A month has gone by since the last earnings report for Allstate (ALL). Shares have lost about 4.6% in that time frame, underperforming the S&P 500.

But investors have to be wondering, will the recent negative trend continue leading up to its next earnings release, or is Allstate due for a breakout? Well, first let’s take a quick look at its most recent earnings report in order to get a better handle on the recent catalysts for The Allstate Corporation before we dive into how investors and analysts have reacted as of late.

ALL Q1 Earnings Beat Estimates on Strong Underwriting, Lower Expenses

Allstate reported a first-quarter 2026 adjusted net income of $10.65 per share, which outpaced the Zacks Consensus Estimate by 43.3%. The bottom line surged 201.7% year over year.
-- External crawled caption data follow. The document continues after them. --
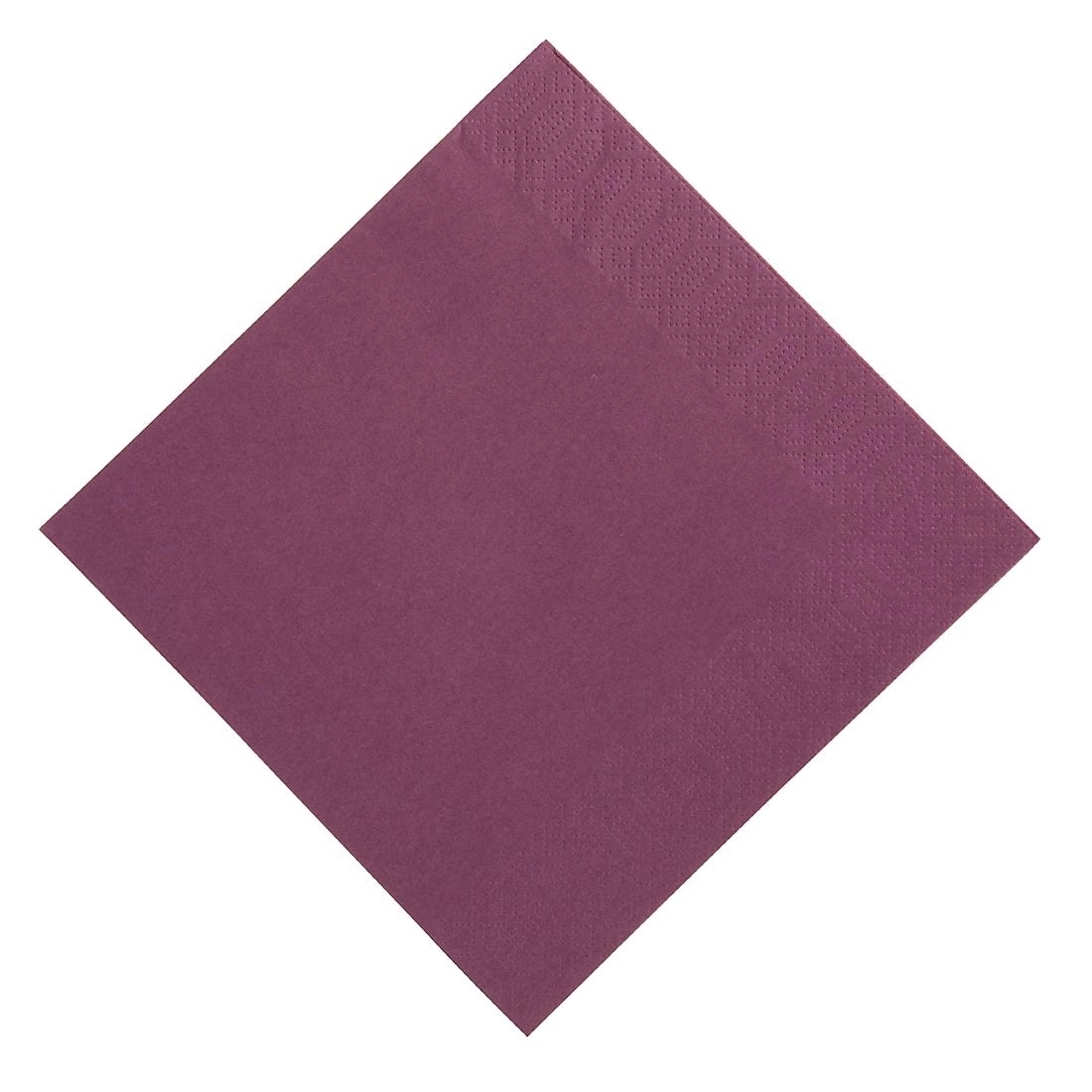 Vous pouvez acheter un Serviettes ouate prune Duni 330mm (Lot de 1000) chez Supplierz BV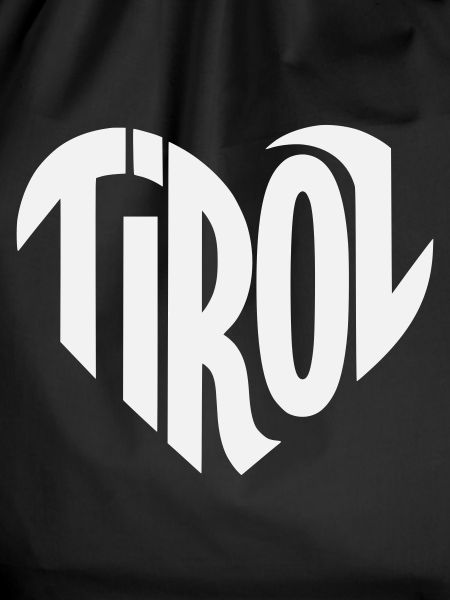 Tirol Heart Typography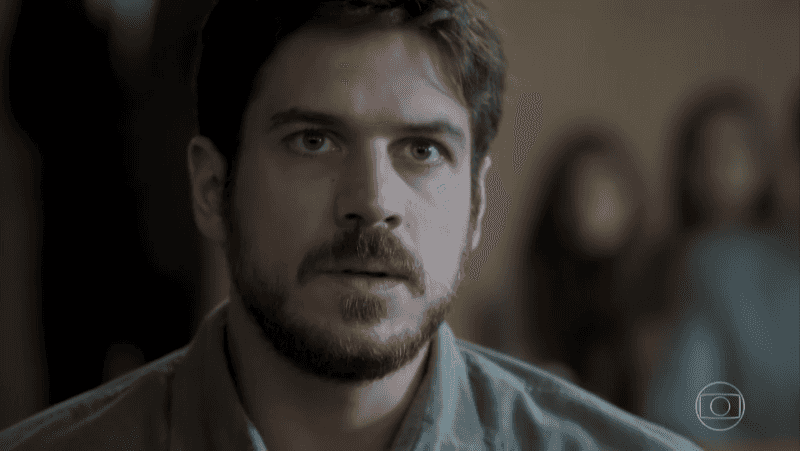 Marco Pigossi em cena de A Força do Querer. (Foto: Reprodução/Globo)
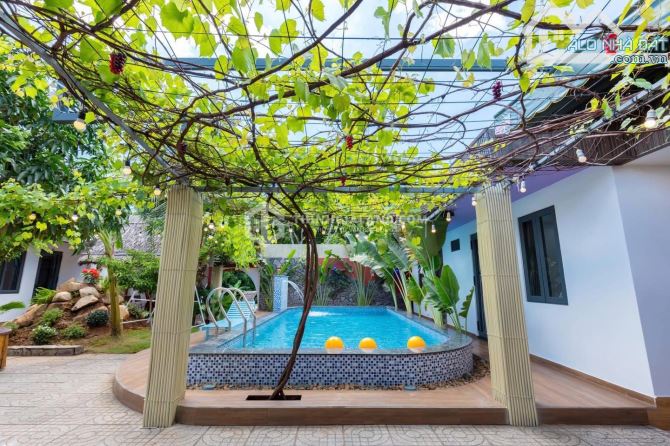 Sở hữu biệt thự nghỉ dưỡng gần biển Long Cung, Vũng Tàu - Dt 500m2, Villa 6pn, bán 18 tỷ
Operating revenues of $17.3 billion grew 3.2% year over year. However, the top line missed the consensus mark by 2%.

Allstate’s quarterly results were driven by higher property and casualty insurance premiums, improved net investment income and lower catastrophe losses. Lower expenses and strong underwriting performance further aided results.
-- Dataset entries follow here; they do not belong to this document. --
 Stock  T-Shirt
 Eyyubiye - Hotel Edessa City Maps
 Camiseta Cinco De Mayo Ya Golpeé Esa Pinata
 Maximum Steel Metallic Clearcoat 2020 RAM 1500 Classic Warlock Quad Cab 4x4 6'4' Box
Key Takeaways From Allstate’s Q1 Results

Property and casualty insurance premiums improved 5.8% year over year to $15.6 billion. Net investment income of $938 million advanced 9.8% year over year on the back of a growing market-based portfolio. The metric beat the Zacks Consensus Estimate of $895 million and our estimate of $935 million. Market-based investment income rose 10% year over year to $791 million in the quarter under review.
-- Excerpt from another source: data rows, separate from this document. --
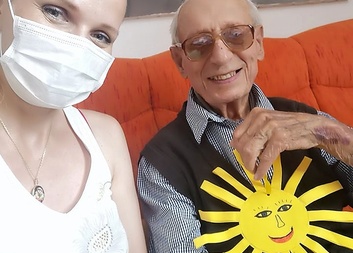 Rok 2020 v Charitní pečovatelské službě v Písku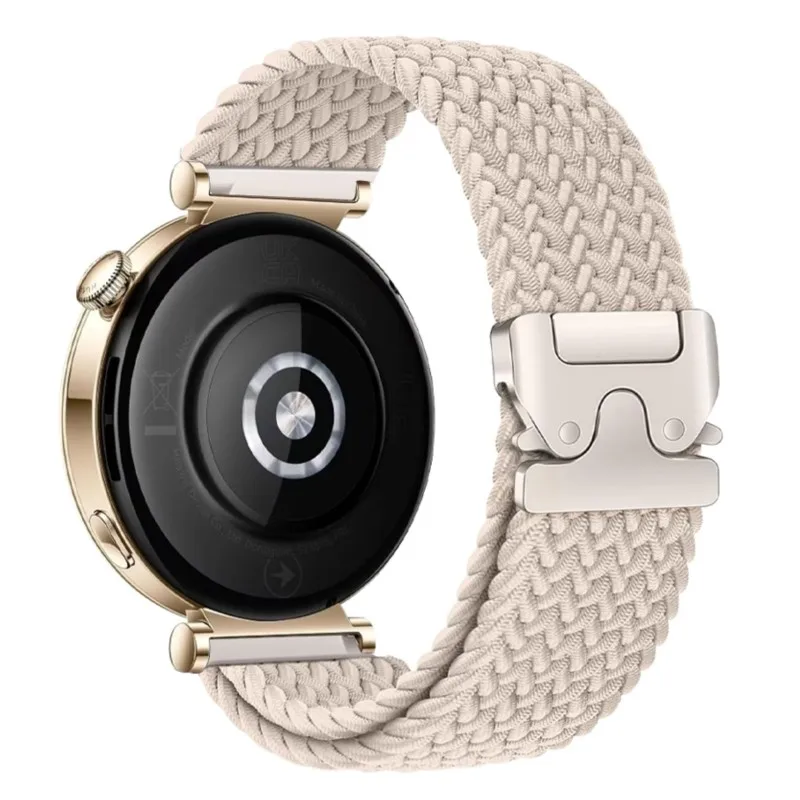 Ремешки 18 мм 22 мм для часов HUAWEI GT 4/4 Pro/5/5 Pro 42 мм 46 мм 41 мм Плетеный браслет Correa с парашютом HUAWEI watch 4 Pro Band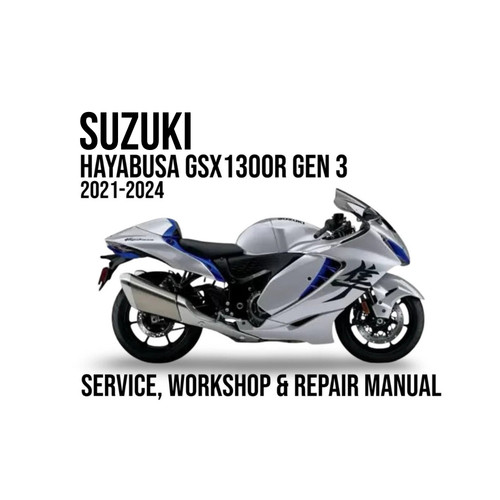 Suzuki gsx1300r hayabusa - gen, 3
Total costs and expenses were $13.8 billion, which decreased 12.1% year over year and was lower than our estimate of $15.5 billion. The year-over-year decline was due to decreased property and casualty insurance claims and claims expenses, accident, health and other policy benefits and Pension and other postretirement remeasurement (gains) losses. Catastrophe losses of $1.2 billion dropped 43.7% year over year.

Allstate’s pretax income increased significantly, up 332.3% year over year to $3.1 billion. As of Dec. 31, 2025, total policies in force were 212 million, up 2.5% year over year.

ALL’s Segmental Performances

The Property-Liability segment reported premiums earned of $14.8 billion in the first quarter, up 5.5% year over year, driven by higher average premiums in homeowners insurance and growth in policies in force. However, the metric missed both the Zacks Consensus Estimate and our estimate of $15.1 billion. Underwriting income in the segment surged 638.3% year over year to $2.7 billion. The underlying combined ratio improved 280 basis points to 80.3%.